The huge potential of the country as well as the vision the President has for the game in Samoa is something that immediately attracted me to the role. The challenge this will bring me and the opportunity to work with people who collectively want to make a difference is something that enthused me greatly.

FFS Technical Director Jess Ibrom.

How would you assess the potential of football in Samoa?

The potential of football in Samoa is huge and this has been the case for a number of years. I’ve been an interested observer with my roles within in the region for the best part of 10 years.

The potential not just with the men but also the women who finished runners-up at the Pacific Games in 2019 is very big. There’s already a tremendous amount of work and activities that are taking place in Samoa with the excellent staff who are doing an outstanding job.

It’s my desire to enhance the current work as well as developing new areas that will ultimately maximise the potential in the future.

How do you see the current status of the game and what is your long-term vision and goal in terms of developing youth, women’s and men’s football both at grassroots as well as the top level?

Obviously the COVID situation has impacted every Member Association (MA) in the region in some way.

However, currently there’s a huge amount of activity going on in Samoa from the fun football programmes to development centres, competitions, referee workshops and much more.

My long-term vision is to help elevate a number of key areas that will compliment each other not just in the present but also in the future.

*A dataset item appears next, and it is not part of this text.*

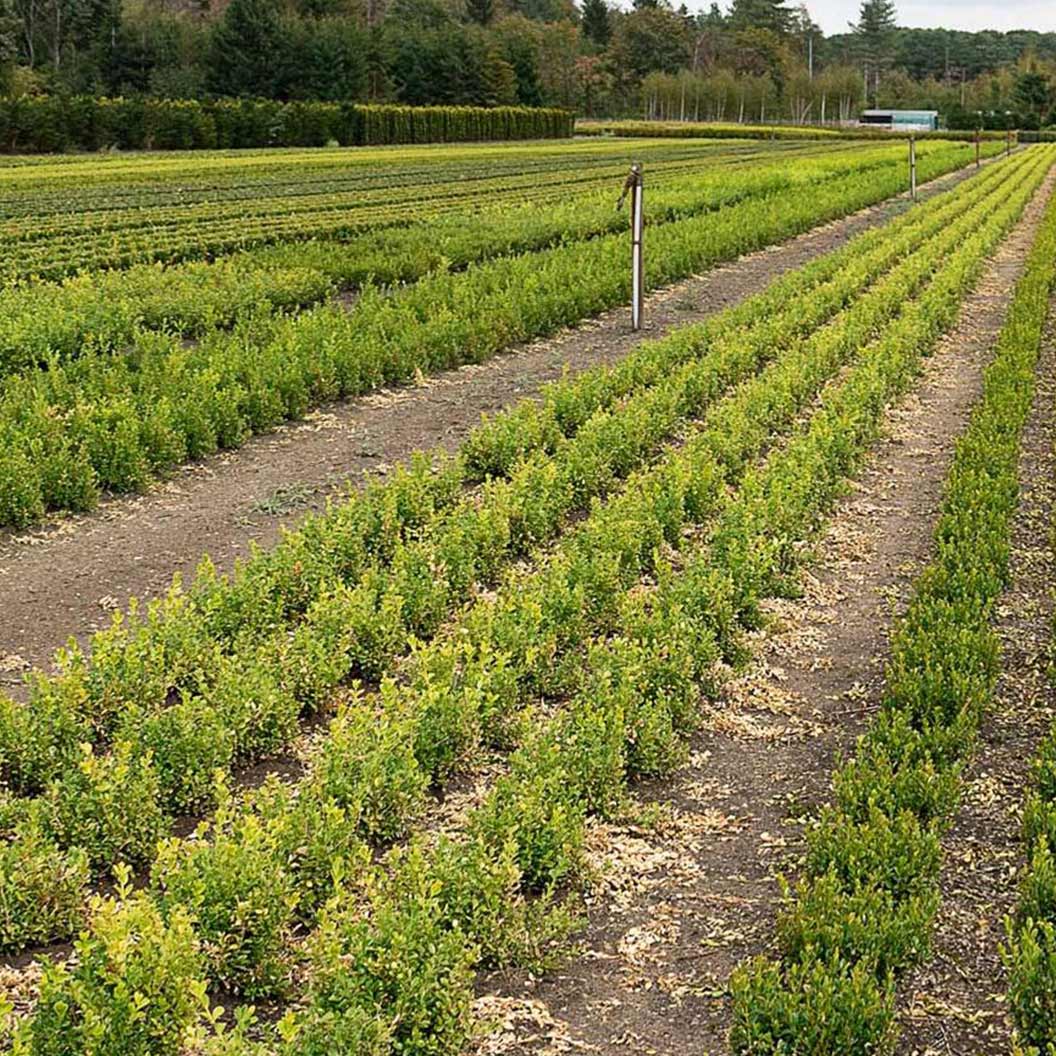 Better Boxwood® Babylon Beauty™ Shrub - Image 3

To develop any area from grassroots to the top level, it comes down to contact time with the right programmes in place.

Quite simply, the more the players and coaches are on the grass in some format as well as having a robust competition and coach education programme is what will help to develop players and coaches for the long-term for both the men’s and women’s game across the country, including the regions.

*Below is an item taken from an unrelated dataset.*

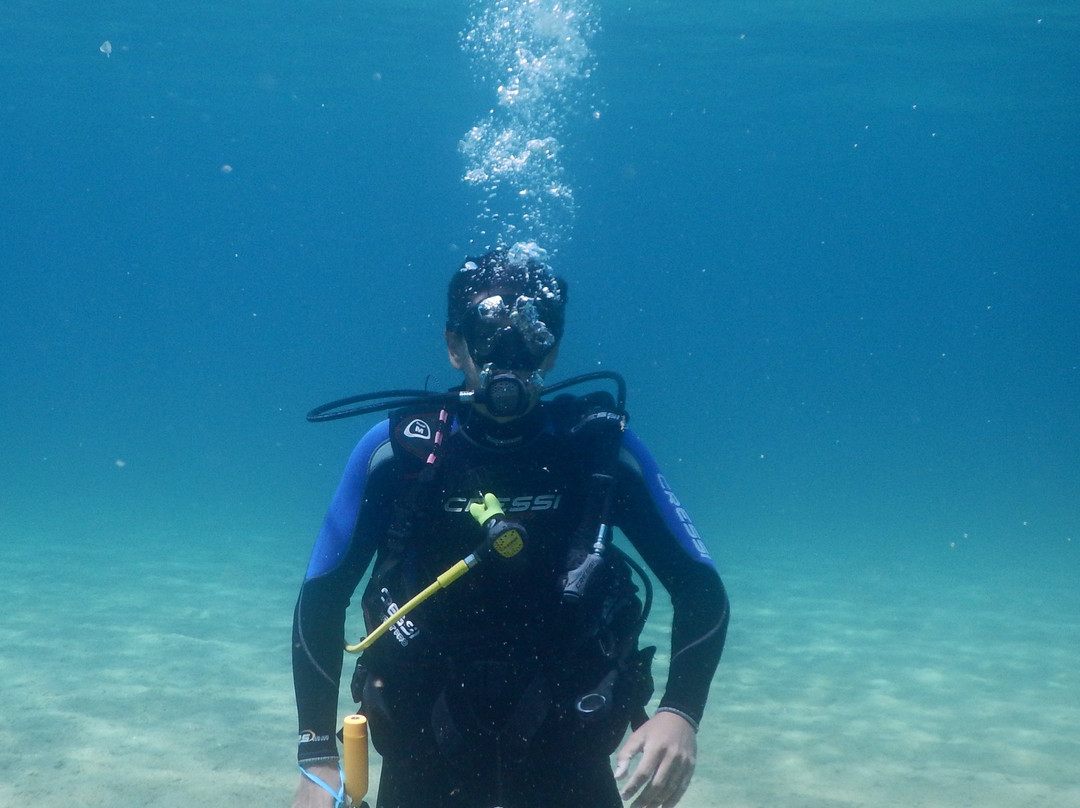 Shark Fin Scuba Diving Center-Agios Nikolaos必去景点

What do you anticipate to be your main challenges and what will be your top priority?

The main challenge will be working our way through COVID and what this will look like in the region going forward from a competition element.

The top priority for us at FFS currently is the planning stage and making sure we are fully prepared for 2021 in all areas of the Federation whilst making sure we are fully aligned with OFC and FIFA.

What role can OFC play in supporting you and how closely do you expect to work with the OFC Football Development department as well as with other Member Associations?

This has already started in earnest. OFC has been a tremendous resource of support for myself and all the staff in Samoa.

There’s has been a huge amount of work going on with strong collaboration between OFC and FFS as we develop our programmes on the ground and staff at the Federation.

Due to the current status of the game in this part of the world, if anything, it has brought us closer together.

Just last week we had a call between FFS staff and the Tonga FA. All MAs are on weekly calls with OFC and this provides a greater opportunity to share ideas and knowledge that will benefit the game in the region in the future.